» **WHAT IS EXPECTED**
What you return must be the lines of the data that hold the word "Beach".
[MATERIAL TO PROCESS — start]
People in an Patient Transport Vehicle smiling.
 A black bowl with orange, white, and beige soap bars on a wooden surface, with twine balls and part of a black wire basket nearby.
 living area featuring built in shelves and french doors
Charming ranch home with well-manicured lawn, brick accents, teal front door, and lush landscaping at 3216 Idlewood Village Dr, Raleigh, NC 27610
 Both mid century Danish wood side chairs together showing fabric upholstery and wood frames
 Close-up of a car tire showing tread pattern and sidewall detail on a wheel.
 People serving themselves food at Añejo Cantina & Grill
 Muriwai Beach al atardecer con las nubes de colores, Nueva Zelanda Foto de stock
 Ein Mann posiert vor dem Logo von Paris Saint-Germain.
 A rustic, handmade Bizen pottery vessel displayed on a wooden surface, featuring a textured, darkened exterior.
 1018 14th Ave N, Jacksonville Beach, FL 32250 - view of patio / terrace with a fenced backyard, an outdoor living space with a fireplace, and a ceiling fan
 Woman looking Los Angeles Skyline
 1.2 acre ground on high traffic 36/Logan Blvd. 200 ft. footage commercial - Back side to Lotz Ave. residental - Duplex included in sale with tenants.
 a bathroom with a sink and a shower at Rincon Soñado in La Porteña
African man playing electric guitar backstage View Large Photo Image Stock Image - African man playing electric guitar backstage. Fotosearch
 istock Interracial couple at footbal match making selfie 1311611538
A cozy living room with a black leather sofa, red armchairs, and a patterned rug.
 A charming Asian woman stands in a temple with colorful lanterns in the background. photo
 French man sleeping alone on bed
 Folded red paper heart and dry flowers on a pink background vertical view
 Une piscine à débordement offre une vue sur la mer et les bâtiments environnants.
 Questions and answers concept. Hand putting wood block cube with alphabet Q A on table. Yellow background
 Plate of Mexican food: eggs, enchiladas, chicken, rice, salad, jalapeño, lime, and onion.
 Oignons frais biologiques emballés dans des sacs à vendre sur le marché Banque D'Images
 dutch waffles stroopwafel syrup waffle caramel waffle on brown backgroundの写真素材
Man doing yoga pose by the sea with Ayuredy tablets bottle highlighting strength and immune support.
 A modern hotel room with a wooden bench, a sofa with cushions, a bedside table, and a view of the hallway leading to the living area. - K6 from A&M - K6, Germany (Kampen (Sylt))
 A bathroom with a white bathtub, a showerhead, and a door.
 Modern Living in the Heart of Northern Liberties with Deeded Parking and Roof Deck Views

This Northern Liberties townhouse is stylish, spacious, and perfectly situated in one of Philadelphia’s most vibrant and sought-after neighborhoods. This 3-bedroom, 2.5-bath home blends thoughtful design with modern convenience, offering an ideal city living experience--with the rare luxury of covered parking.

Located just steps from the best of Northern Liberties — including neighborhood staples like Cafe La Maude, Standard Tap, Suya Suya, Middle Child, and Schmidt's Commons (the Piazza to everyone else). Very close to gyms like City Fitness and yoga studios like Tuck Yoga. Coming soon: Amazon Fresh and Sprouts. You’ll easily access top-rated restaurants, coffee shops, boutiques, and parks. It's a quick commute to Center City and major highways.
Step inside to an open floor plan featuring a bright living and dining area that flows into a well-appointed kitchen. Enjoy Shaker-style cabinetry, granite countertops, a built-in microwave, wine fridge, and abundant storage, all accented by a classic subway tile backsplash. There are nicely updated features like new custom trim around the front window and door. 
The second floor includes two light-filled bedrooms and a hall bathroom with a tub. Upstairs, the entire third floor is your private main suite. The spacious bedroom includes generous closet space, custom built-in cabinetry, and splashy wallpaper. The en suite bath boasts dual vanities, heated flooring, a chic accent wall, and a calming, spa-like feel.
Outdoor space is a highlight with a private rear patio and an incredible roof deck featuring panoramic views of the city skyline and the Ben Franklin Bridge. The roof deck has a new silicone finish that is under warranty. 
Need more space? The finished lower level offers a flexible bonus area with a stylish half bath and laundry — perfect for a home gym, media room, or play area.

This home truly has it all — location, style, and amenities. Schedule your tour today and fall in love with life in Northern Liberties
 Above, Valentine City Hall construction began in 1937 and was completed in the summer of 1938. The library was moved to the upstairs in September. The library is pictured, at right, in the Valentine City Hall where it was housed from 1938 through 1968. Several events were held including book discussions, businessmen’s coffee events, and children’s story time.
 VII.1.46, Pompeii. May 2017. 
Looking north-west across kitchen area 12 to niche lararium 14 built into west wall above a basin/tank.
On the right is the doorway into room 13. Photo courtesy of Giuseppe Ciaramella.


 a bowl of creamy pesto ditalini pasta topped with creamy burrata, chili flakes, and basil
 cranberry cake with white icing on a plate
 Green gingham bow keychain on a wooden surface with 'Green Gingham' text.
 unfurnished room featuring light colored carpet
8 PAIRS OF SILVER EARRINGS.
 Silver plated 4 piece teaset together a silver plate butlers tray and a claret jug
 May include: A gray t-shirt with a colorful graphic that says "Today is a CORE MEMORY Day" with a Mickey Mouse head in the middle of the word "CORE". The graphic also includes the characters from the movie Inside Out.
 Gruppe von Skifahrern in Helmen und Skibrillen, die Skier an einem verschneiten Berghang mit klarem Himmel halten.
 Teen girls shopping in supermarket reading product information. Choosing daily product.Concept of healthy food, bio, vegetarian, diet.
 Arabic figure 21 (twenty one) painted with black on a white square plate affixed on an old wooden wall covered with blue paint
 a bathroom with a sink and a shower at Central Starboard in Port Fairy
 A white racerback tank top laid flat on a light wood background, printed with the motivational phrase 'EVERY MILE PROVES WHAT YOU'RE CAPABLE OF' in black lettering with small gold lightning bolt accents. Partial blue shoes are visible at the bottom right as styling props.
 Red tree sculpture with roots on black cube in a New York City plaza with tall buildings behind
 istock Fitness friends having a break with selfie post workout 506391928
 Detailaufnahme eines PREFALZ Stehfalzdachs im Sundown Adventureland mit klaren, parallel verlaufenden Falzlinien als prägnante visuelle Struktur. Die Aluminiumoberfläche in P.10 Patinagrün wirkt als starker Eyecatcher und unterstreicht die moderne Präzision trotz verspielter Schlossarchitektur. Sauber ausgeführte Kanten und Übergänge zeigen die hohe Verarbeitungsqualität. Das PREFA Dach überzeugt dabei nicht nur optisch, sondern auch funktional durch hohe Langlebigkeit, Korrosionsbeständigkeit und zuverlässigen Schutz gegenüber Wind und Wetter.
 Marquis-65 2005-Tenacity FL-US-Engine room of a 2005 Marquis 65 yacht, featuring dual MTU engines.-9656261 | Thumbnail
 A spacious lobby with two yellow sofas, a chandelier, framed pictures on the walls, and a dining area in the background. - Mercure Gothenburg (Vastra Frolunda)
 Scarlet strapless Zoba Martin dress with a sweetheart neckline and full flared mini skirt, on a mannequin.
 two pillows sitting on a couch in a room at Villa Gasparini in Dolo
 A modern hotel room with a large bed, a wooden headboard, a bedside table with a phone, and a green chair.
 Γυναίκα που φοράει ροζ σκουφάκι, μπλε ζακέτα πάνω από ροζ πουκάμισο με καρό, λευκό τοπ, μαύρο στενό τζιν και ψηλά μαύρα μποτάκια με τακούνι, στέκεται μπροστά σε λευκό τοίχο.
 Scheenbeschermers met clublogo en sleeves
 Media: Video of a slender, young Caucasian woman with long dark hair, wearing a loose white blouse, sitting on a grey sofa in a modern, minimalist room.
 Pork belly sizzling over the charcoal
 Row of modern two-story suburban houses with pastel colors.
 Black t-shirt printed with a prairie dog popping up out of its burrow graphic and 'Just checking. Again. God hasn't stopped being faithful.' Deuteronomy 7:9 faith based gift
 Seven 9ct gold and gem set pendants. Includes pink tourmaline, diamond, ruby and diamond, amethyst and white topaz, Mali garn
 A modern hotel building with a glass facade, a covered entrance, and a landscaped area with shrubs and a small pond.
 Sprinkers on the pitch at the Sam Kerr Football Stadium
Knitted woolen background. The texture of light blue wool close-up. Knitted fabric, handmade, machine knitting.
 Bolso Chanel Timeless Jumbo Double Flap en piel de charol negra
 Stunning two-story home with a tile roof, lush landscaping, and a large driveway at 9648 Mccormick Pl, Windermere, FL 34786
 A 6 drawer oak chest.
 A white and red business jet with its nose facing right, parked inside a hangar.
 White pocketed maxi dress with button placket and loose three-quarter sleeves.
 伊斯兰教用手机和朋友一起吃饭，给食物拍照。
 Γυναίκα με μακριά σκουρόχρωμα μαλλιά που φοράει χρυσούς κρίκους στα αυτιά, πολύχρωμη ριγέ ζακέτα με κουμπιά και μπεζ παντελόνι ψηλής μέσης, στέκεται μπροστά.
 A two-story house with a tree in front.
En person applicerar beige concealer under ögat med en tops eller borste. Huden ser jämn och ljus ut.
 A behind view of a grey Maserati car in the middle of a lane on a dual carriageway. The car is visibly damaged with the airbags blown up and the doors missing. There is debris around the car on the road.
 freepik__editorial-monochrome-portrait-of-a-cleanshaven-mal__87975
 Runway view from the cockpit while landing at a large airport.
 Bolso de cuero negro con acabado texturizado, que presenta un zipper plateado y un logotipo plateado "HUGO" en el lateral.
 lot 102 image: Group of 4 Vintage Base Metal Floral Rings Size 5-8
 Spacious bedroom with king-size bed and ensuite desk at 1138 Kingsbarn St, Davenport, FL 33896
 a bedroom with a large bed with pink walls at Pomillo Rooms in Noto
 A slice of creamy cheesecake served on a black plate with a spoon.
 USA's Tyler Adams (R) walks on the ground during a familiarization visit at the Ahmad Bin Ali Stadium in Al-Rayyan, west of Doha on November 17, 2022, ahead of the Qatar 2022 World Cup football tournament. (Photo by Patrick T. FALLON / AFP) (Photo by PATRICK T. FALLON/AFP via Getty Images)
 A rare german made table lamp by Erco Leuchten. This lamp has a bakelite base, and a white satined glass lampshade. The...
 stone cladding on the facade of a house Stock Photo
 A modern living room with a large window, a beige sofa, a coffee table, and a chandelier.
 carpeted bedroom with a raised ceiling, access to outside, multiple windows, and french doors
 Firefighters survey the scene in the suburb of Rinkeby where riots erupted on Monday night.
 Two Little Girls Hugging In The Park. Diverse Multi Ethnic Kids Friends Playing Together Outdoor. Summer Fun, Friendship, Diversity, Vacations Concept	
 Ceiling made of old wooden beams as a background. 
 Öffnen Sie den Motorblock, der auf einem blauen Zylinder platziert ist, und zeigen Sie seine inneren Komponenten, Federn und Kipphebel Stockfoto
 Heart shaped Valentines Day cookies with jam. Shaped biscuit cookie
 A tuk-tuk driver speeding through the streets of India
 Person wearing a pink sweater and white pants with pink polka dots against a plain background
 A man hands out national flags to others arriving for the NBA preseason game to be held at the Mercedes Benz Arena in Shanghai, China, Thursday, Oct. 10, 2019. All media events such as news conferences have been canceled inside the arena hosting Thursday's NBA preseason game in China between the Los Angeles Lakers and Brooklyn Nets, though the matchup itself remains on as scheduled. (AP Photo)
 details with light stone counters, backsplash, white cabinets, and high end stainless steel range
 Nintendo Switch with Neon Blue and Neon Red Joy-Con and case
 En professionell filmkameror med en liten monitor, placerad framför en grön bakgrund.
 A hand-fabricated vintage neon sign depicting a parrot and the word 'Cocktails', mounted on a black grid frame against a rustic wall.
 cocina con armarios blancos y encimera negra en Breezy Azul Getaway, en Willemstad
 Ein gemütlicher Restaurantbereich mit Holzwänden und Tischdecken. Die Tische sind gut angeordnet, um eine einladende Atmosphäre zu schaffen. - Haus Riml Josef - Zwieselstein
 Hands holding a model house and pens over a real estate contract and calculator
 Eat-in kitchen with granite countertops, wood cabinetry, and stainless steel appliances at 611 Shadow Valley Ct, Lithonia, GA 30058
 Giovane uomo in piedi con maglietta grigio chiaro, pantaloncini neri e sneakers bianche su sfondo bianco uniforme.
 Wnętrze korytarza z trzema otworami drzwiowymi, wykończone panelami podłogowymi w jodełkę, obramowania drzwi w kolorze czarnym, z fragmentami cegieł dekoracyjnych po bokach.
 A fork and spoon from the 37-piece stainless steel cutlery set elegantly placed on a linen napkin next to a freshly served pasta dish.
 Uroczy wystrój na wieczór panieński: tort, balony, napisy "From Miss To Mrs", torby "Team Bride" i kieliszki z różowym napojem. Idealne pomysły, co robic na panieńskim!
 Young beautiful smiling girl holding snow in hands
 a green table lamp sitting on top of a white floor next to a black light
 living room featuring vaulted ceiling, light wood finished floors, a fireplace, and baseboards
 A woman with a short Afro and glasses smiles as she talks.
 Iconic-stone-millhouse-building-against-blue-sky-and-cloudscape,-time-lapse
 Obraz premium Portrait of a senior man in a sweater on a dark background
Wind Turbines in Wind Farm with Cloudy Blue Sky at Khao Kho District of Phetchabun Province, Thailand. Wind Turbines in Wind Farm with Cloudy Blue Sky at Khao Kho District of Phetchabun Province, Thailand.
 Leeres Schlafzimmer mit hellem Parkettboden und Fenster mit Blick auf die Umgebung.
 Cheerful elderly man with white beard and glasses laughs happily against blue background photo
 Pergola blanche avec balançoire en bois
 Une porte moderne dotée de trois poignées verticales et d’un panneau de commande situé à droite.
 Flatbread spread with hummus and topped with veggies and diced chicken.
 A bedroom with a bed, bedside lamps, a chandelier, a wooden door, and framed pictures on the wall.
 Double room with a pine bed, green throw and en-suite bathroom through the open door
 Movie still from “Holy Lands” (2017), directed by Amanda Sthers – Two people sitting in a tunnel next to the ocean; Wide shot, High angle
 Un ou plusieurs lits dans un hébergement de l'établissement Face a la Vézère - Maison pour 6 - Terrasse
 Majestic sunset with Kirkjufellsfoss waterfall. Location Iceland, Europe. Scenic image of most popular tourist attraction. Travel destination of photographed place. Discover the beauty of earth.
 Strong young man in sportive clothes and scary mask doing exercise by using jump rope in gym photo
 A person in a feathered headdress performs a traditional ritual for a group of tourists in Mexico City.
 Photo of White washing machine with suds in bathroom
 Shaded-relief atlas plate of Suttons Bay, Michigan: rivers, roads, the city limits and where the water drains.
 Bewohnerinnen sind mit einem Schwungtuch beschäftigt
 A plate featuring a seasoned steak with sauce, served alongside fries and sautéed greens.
[MATERIAL TO PROCESS — finish]
» **EXERCISE ANSWER**
 Muriwai Beach al atardecer con las nubes de colores, Nueva Zelanda Foto de stock
 1018 14th Ave N, Jacksonville Beach, FL 32250 - view of patio / terrace with a fenced backyard, an outdoor living space with a fireplace, and a ceiling fan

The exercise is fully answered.